● **Dataset content**:
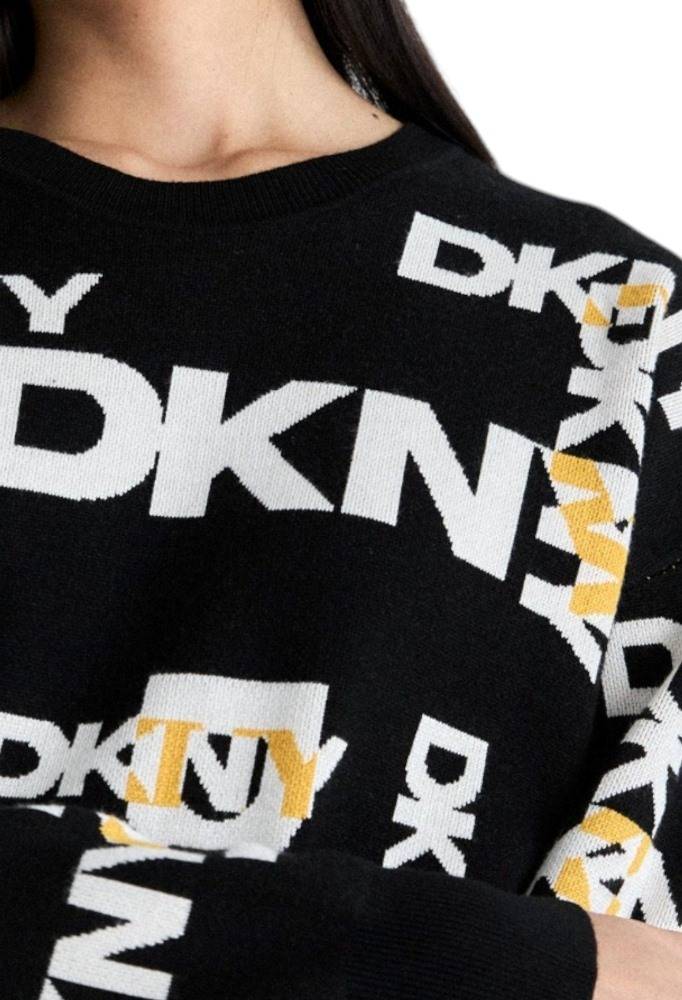 DKNY L/S LEGACY ALL OVER SWEATER
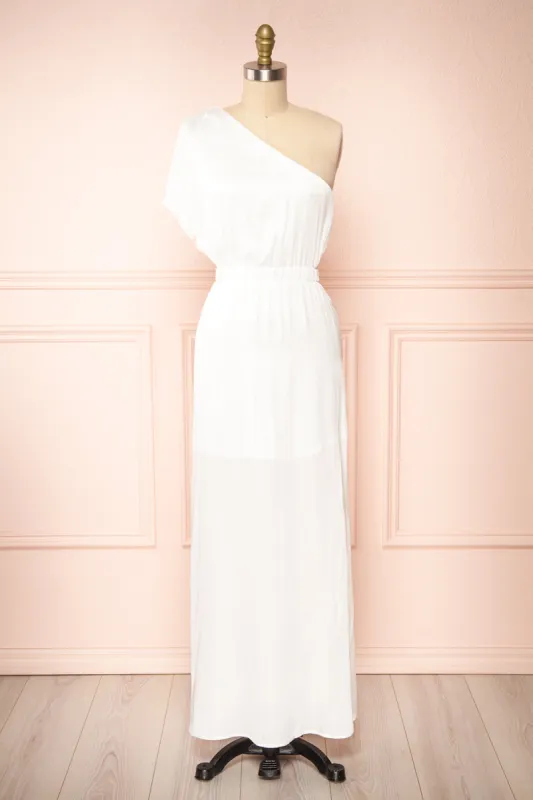 Dulcie | White Maxi Dress w/ Side Cut-Outs sold by Boutique 1861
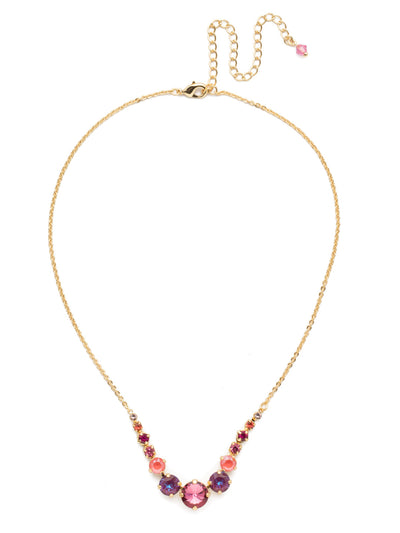 London Tennis Necklace - NCQ14BGBGA - A long, simple chain paired with gorgeous round stones is exactly what every girl needs to dress things up. This round stone necklace is perfect for layering, or to just wear alone. Let the simple sparkle take over. From Sorrelli's Begonia collection in our Bright Gold-tone finish.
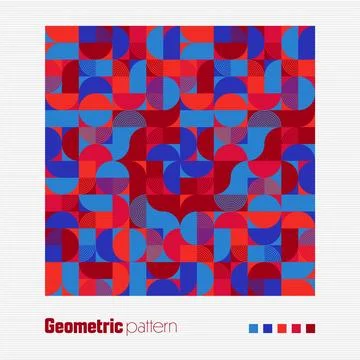 Geometric trendy pattern, Bauhaus style. Modern colorful background with simple Stock Illustration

● **To do**: Reproduce only the lines from the first line of the listing above up to and including the line that holds "Dulcie | White". Omit the pictures.

● **Problem solution**:
 DKNY L/S LEGACY ALL OVER SWEATER
 Dulcie | White Maxi Dress w/ Side Cut-Outs sold by Boutique 1861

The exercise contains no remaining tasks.